**Assigned task**. Please copy the data exactly as it stands, minus the images.

**Material provided**.
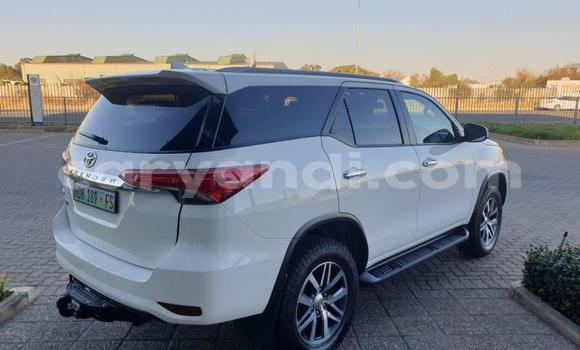 Buy Used Toyota Fortuner White Car in Choma in Southern Buy Used Toyota Fortuner White Car in Choma in Southern
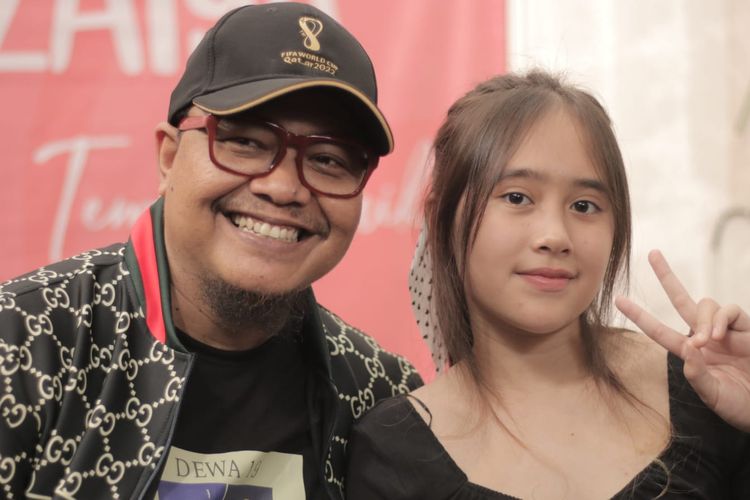 Musisi Bimo Maxim dan penyanyi muda Mazaiya saat jumpa pers di kawasan Cinere, Depok, Selasa (27/12/2022). 
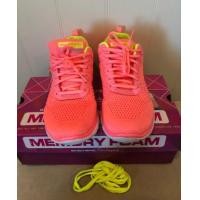 ราคา รองเท้าSkechersผู้หญิง ไซส์ 38 (มือสอง) (359627259)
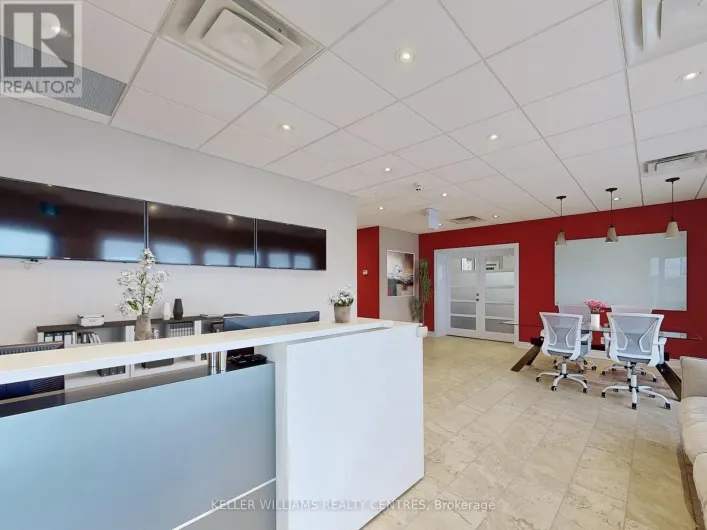 UNIT 4 - 117 WELLINGTON STREET E, Aurora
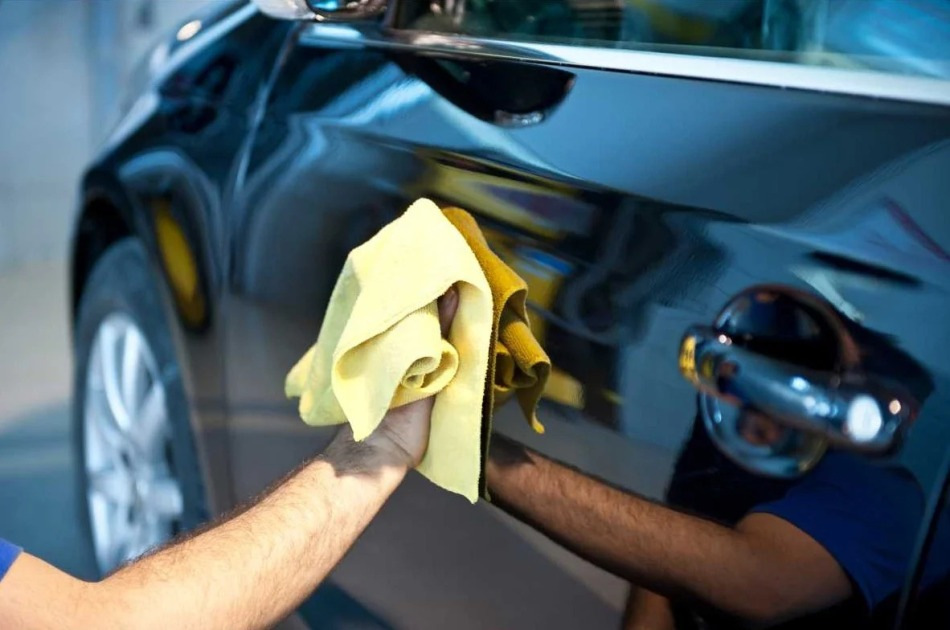 Fjern tape- og klisterrester fra bilen: midler og tips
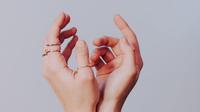Ilustrasi Jari Tangan Bengkak Credit: pexels.com/lilartsy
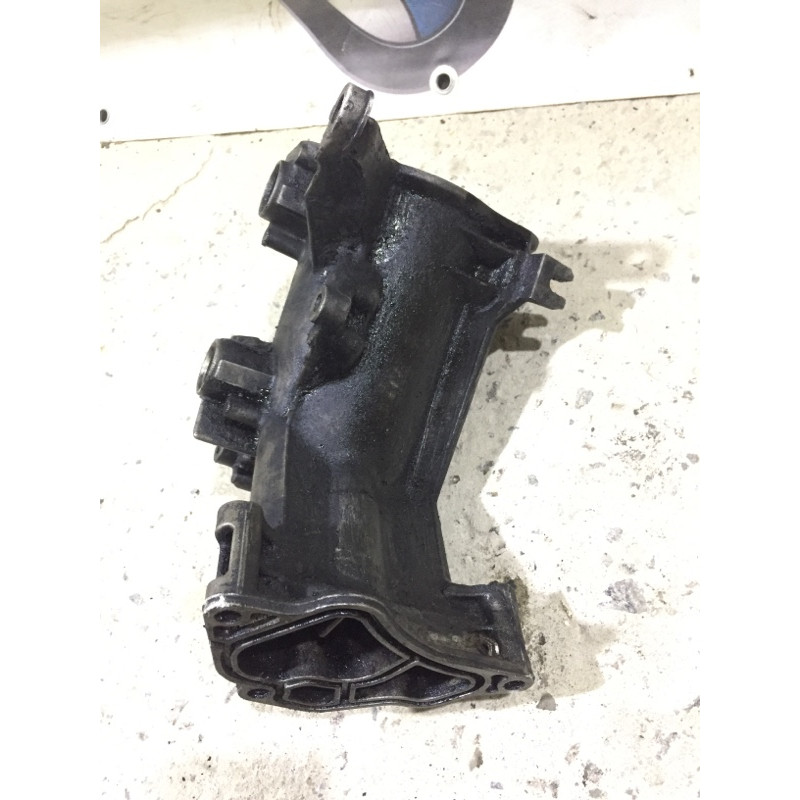 Корпус масляного фильтра (двигатель и элементы) BMW 3-series E36 11422246757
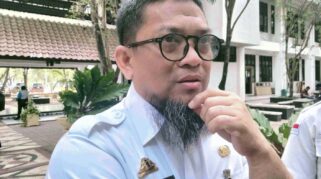 “Kalau ada ASN yang tidak hadir tanpa keterangan, berarti melanggar disiplin ASN,” tegas Iqbal Nadjamuddin, Senin (27/1/2026).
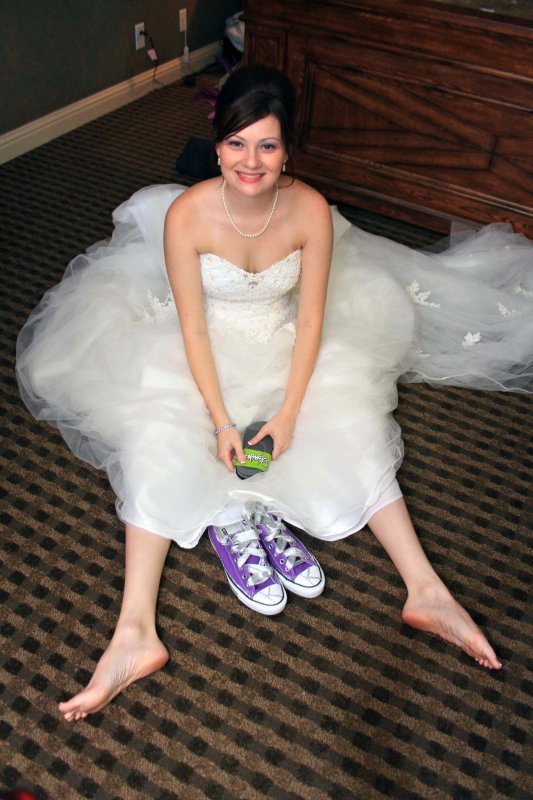 GETTING READY TO PUT ON THE BRIDAL SHOES
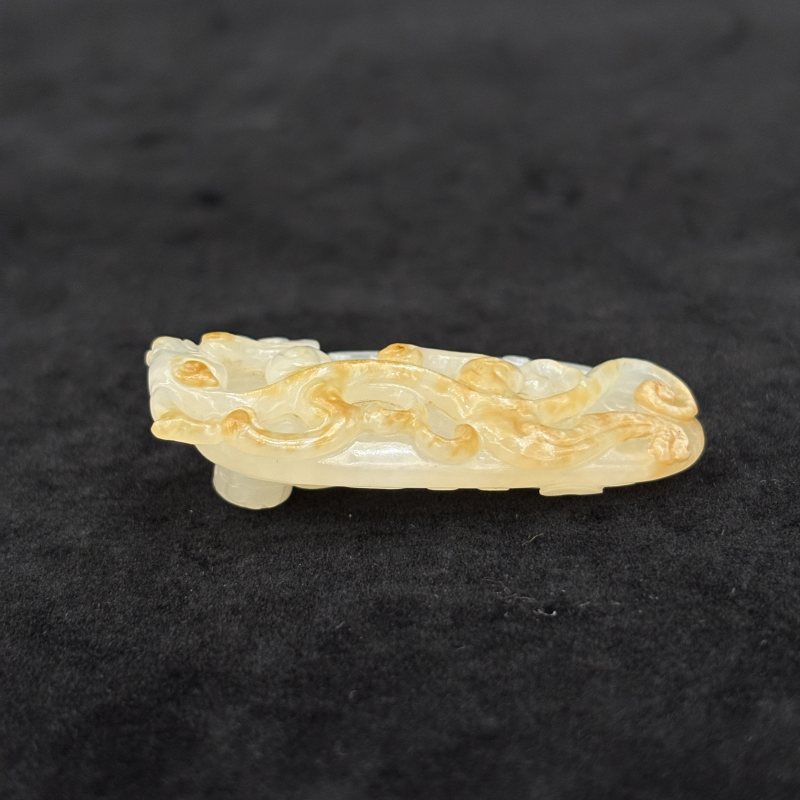 清 白玉留皮盘螭鸡心佩 - 图4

**Finished task**.
 Buy Used Toyota Fortuner White Car in Choma in Southern Buy Used Toyota Fortuner White Car in Choma in Southern
 Musisi Bimo Maxim dan penyanyi muda Mazaiya saat jumpa pers di kawasan Cinere, Depok, Selasa (27/12/2022). 
 ราคา รองเท้าSkechersผู้หญิง ไซส์ 38 (มือสอง) (359627259)
 UNIT 4 - 117 WELLINGTON STREET E, Aurora
 Fjern tape- og klisterrester fra bilen: midler og tips
Ilustrasi Jari Tangan Bengkak Credit: pexels.com/lilartsy
 Корпус масляного фильтра (двигатель и элементы) BMW 3-series E36 11422246757
 “Kalau ada ASN yang tidak hadir tanpa keterangan, berarti melanggar disiplin ASN,” tegas Iqbal Nadjamuddin, Senin (27/1/2026).
 GETTING READY TO PUT ON THE BRIDAL SHOES
 清 白玉留皮盘螭鸡心佩 - 图4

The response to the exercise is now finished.